**WHAT TO WORK ON**
As an exercise in exact copying, transcribe the lines below from the one holding "Casa si Gradina" through the last, with both ends included and pictures left out.

**SUPPLIED DATA**
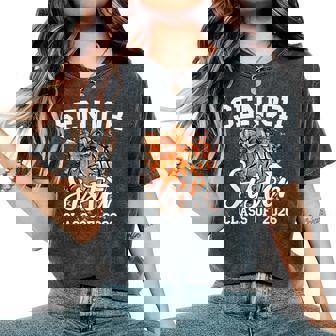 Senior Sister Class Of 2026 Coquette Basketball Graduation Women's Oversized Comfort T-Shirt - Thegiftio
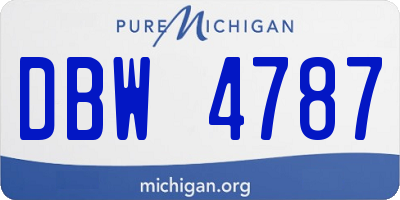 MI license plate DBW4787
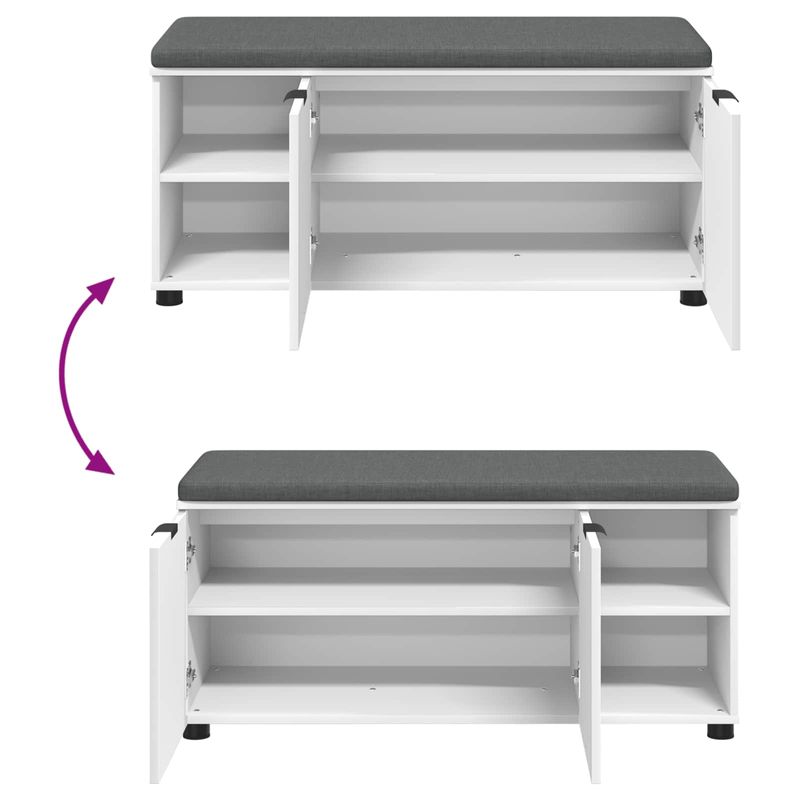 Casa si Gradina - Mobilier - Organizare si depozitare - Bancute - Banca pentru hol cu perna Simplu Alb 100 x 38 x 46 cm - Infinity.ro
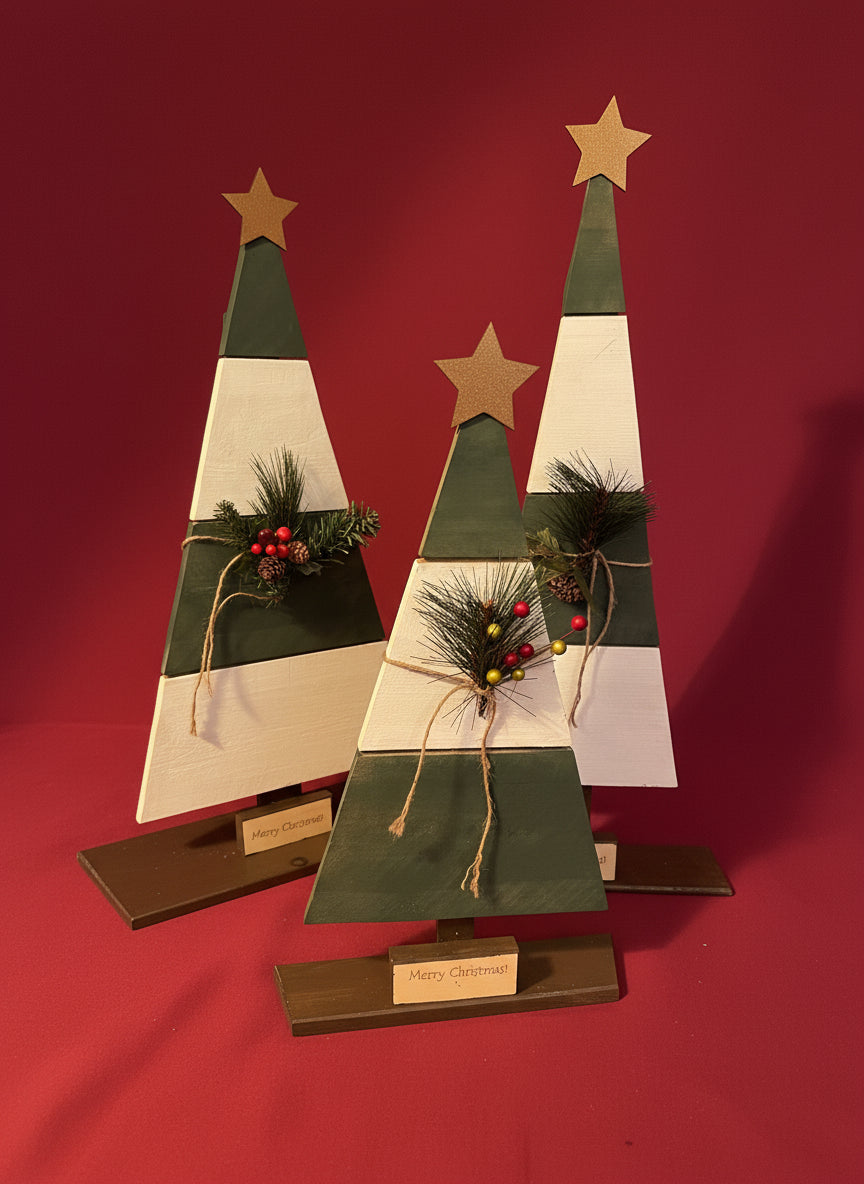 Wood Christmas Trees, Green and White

**EXPECTED OUTPUT**
 Casa si Gradina - Mobilier - Organizare si depozitare - Bancute - Banca pentru hol cu perna Simplu Alb 100 x 38 x 46 cm - Infinity.ro
 Wood Christmas Trees, Green and White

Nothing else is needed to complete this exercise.